Y no tardo en descubrir la razón, algo perforo su pecho matándolo en el acto, algo con la suficiente fuerza de penetración de una lanza, pero no había tal arma en escena y tampoco señales o indicios de que usase algún proyectil pesado. Lo único que observo en el cadáver, es que sobre la herida abierta, la sangre estaba acompañada de rebosante arena.



— ¿Es este el plan de escape que ese patético líder rebelde tenía planeado hacer uso?, que detalle tan lamentable –Una voz declaro a espaldas del rebelde.



El miembro rebelde estaba asustado, aquella persona que se encontraba a sus espaldas era un enemigo, uno que transmitía una intensa aura ruin y amenazante, provocando que todo su cuerpo involuntariamente temblara sin control y haciéndole incapaz de moverse, estaba paralizado del terror. Aquella figura hostil en su retaguardia hace un movimiento rápido con una de sus manos, y en cuestión de segundos, el rebelde es decapitado.

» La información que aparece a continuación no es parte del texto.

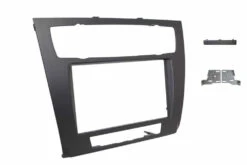 2-DIN Profi Radioblende , Schwarz BMW 002.342-0
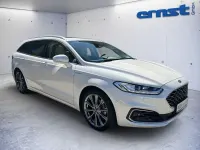 Używany Ford Mondeo Vignale 188 KM (138 kW) 2019 Biały Sedan/Limuzyna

Ni con los camellos tuvo piedad, los asesino con macabramente y luego destrozo la carreta, aquella persona se presentaba como un hombre de piel bronceada con túnica blanca y turbante negro, de un fornido físico, larga barba negra y una cicatriz ubicada al lado de su ojo derecho. Toma del bolsillo de su vestimenta una esfera de cristal que cabía perfectamente en la palma de su mano.



—Todo va según lo planeado –Hablo el misterio hombre de barba a través del cristal.



—“Ya tienes tus ordenes, solo dos de ellos importan, el resto, elimínalos” –Una voz femenina resalto de la esfera —“Su excelencia Muer Afigad, no aceptara fallas”.



—Cumpliré con las órdenes que se me dieron, con diligencia.



Una criatura bípeda más grande que un camello, con cabeza de hiena, pelaje pardo en conjunto con manchas y escamas de reptil, así como también dos protuberancias en su cabeza en forma de cuerno, se acercó al hombre barbudo para frotar con afecto su rostro en la nuca de este. El hombre le responde acariciándole su cabeza.



—Cumpliré con las expectativas de su excelencia, lo juro por mi honor como Muhaqdad.



Varias siluetas surgen de la tormenta de arena acercándose al hombre desde una dirección en concreto, primero en docenas, luego en centenares, hasta observarse incluso la de un gigante.